Where do I begin.
I feel like I am always a newbie with VMware, despite working in it for a few years. We are running a VSAN environment on 6.5, performing backups with Veeam. About 2 weeks ago, some of our vm's in the backup started throwing errors. Due to some events outside of my control, I just started looking at this today. Veeam support said the error was because the VMX file was corrupt, recommended solution was to shutdown machine, remove from inventory, create new machine using the existing disks, bring it back up. We performed this solution on a non critical machine, and it worked great. Did it to a semi-critical machine, and worked great again. Did it to our Exchange server and.. it wasn't great.
The server came back up, however after a few hours of operation, a large amount of people reported missing about 2 weeks of email. We had the machine up for about 5 hours poking around at logs before I shut it down to focus on the VMware side of things. After a ton of digging on the guest as well as in the host environment, I figured out the root cause- despite there being no snapshots in the snapshot manager, the system was running off of a snapshot due to the failed backup. I made the mistake of mounting the original vmdk files on booting rather than the 000001.vmdk file. My own mistake of making assumptions, thinking those files were somehow orphaned since the snapshot manager listed no snapshots. The previous, successful machines either didn't have a snapshot file, or historical data didn't matter on that guest.
After talking with VMware support, they basically said since the original vmdk's were booted, the damage is done, consider the data lost. They did say I can try to remove the drives from the guest, and try to re-add the snapshot versions, but had little faith that it would work, and warned of a high chance of corruption of both the vmdk and the snapshot vmdk. Since the last shutdown, I've kept the server powered off and have been seeking any type of option to try and get this machine back to life with its current data, and have ran into a brick wall every time. Mostly being cautious on any steps tried from this point due to the corruption warnings, I've copied out all files save for the snapshot files from the original location of the datastore to a different location to mitigate risk of further corruption. The snapshot files however, will simply not budge.
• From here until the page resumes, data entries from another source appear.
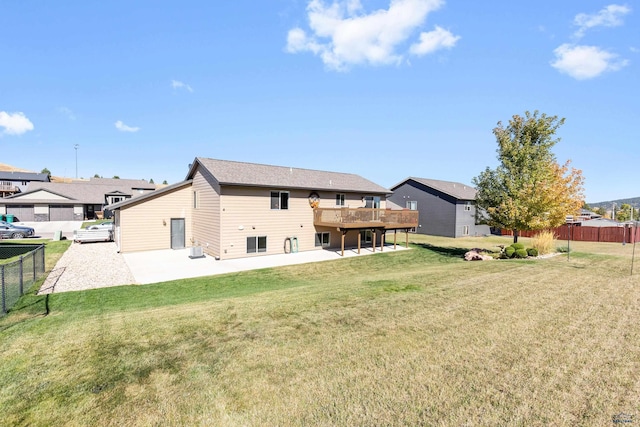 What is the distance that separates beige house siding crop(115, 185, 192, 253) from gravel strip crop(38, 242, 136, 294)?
1.34 meters

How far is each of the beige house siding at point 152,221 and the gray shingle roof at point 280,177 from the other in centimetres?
236

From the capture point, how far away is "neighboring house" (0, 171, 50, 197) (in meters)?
57.5

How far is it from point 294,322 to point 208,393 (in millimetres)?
2674

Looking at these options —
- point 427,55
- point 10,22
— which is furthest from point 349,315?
Answer: point 10,22

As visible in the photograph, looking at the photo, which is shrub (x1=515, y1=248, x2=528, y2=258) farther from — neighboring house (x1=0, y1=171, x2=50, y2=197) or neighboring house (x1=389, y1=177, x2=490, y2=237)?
neighboring house (x1=0, y1=171, x2=50, y2=197)

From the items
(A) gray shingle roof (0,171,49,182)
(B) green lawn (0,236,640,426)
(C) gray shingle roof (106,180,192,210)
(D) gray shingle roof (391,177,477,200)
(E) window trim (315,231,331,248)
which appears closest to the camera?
(B) green lawn (0,236,640,426)

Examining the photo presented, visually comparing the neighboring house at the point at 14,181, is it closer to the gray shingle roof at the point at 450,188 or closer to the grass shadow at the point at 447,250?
the gray shingle roof at the point at 450,188

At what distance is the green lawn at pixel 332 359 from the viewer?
3.65 meters

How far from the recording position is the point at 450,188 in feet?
112

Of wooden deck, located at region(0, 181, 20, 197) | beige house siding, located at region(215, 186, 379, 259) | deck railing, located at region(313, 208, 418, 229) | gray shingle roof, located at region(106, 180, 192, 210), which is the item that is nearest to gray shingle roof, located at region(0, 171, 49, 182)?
wooden deck, located at region(0, 181, 20, 197)

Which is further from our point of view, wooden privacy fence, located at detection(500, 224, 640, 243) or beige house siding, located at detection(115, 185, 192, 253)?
wooden privacy fence, located at detection(500, 224, 640, 243)

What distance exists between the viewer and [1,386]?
4.30 meters

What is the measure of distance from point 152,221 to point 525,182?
80.4 ft

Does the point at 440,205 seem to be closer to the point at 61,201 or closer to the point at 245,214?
the point at 245,214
Web client copy, SSH copy, vmkfstools -i, nothing will get those files to somewhere else in their original size (though I can download what looks to be the header with WinSCP).
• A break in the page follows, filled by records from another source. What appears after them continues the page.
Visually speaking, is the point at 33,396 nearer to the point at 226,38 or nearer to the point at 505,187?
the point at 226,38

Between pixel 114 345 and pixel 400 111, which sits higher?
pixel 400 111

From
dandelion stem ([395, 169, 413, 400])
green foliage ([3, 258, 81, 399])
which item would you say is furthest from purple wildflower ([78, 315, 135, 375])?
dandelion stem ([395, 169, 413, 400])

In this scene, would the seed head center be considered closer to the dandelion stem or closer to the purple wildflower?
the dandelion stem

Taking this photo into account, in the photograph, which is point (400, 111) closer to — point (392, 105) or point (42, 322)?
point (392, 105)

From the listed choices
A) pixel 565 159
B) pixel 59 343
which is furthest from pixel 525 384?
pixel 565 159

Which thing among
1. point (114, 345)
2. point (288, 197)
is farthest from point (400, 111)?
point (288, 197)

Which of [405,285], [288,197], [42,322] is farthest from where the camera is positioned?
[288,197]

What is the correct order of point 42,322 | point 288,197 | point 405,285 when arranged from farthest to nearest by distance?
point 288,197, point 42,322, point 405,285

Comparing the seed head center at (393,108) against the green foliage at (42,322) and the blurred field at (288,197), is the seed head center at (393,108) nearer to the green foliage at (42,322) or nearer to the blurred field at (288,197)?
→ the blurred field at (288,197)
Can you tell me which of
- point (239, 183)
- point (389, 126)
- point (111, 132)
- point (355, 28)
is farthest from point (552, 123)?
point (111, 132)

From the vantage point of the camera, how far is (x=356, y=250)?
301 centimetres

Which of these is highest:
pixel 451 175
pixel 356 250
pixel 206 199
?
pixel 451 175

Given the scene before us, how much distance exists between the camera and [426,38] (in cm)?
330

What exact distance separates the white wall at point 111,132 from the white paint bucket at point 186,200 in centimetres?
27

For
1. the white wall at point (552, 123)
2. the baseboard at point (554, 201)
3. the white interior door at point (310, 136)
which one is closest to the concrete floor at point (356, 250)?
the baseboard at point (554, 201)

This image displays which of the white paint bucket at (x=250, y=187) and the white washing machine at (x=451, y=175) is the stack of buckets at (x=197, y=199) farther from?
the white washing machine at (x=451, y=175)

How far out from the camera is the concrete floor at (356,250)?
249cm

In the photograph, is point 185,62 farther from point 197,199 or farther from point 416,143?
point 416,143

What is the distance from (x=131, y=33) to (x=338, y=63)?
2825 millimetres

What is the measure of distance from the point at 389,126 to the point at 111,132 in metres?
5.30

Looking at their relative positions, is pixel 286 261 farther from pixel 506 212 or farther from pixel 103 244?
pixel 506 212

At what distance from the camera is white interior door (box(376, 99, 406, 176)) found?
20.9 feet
I'm desperately trying to safeguard the snapshot data before doing something that may corrupt the whole guest and get this thing back in an up to date, running condition. Since this is an Exchange server, the files are quite large. Just copying out the files took 3hrs. I'm now attempting a clone as I've read a clone may merge snapshot files automatically, with the hope that it won't impact the original files. If the clone doesn't work, I'd be at the last straw to try to boot off of the snapshots, knowing I may lose everything. Finally I've landed here, seeing some users get success by some of you truly amazing experts here. The final kick in the rear, is our management is getting ready to suffer the data loss just to get the server back on and email flowing, so their patience is thin. Casting out a bottle in the sea here, hoping it comes back with some much needed help in time. Attaching relevant info that I've seen requested in other posts:
Directory ls -lh of original files:
-rw-r--r-- 1 root root 92 Oct 24 2018 CAKEXK01-8d4db6ef.hlog
-rw------- 1 root root 32.6K Nov 15 08:02 CAKEXK01-Snapshot557.vmsn
-rw-r--r-- 1 root root 13 May 8 2019 CAKEXK01-aux.xml
-rw------- 1 root root 8.5K Nov 14 08:12 CAKEXK01.nvram
-rw------- 1 root root 45 Nov 14 08:12 CAKEXK01.vmsd
-rwx------ 1 root root 4.6K Dec 6 21:22 CAKEXK01.vmx
-rw------- 1 root root 3.3K May 17 2018 CAKEXK01.vmxf
-rw------- 1 root root 5.0M Dec 6 21:22 CAKEXK01_3-000001-ctk.vmdk
-rw------- 1 root root 408 Nov 15 08:02 CAKEXK01_3-000001.vmdk
-rw------- 1 root root 600 Dec 7 04:12 CAKEXK01_3.vmdk
-rw------- 1 root root 5.9M Dec 6 21:22 CAKEXK01_4-000001-ctk.vmdk
-rw------- 1 root root 409 Nov 15 08:02 CAKEXK01_4-000001.vmdk
-rw------- 1 root root 576 Dec 7 04:12 CAKEXK01_4.vmdk
-rw------- 1 root root 2.0M Dec 6 21:22 CAKEXK01_5-000001-ctk.vmdk
-rw------- 1 root root 407 Nov 15 08:09 CAKEXK01_5-000001.vmdk
-rw------- 1 root root 598 Dec 7 04:12 CAKEXK01_5.vmdk
drwxr-xr-x 1 root root 280 Dec 7 06:38 bak
-rw------- 1 root root 299.5K May 17 2018 vmware-3.log
-rw------- 1 root root 15.2M Sep 21 2018 vmware-4.log
-rw------- 1 root root 3.0M Oct 18 2018 vmware-5.log
-rw------- 1 root root 393.2K Oct 22 2018 vmware-6.log
-rw------- 1 root root 467.3K Oct 24 2018 vmware-7.log
-rw------- 1 root root 244.0K Oct 24 2018 vmware-8.log
-rw------- 1 root root 45.4M Dec 6 21:22 vmware.log
Directory ls -lh of newly created machine that is pointing to the above vmdk's:
-rw-r--r-- 1 root root 295 Dec 6 21:35 CAKEXK01-35be335f.hlog
-rw------- 1 root root 8.5K Dec 7 05:25 CAKEXK01.nvram
-rw-r--r-- 1 root root 0 Dec 6 21:35 CAKEXK01.vmsd
-rwxr-xr-x 1 root root 3.8K Dec 7 05:25 CAKEXK01.vmx
-rw------- 1 root root 3.1K Dec 6 21:45 CAKEXK01.vmxf
-rw-r--r-- 1 root root 1.0M Dec 7 03:08 vmware-1.log
-rw-r--r-- 1 root root 322.3K Dec 7 05:25 vmware.log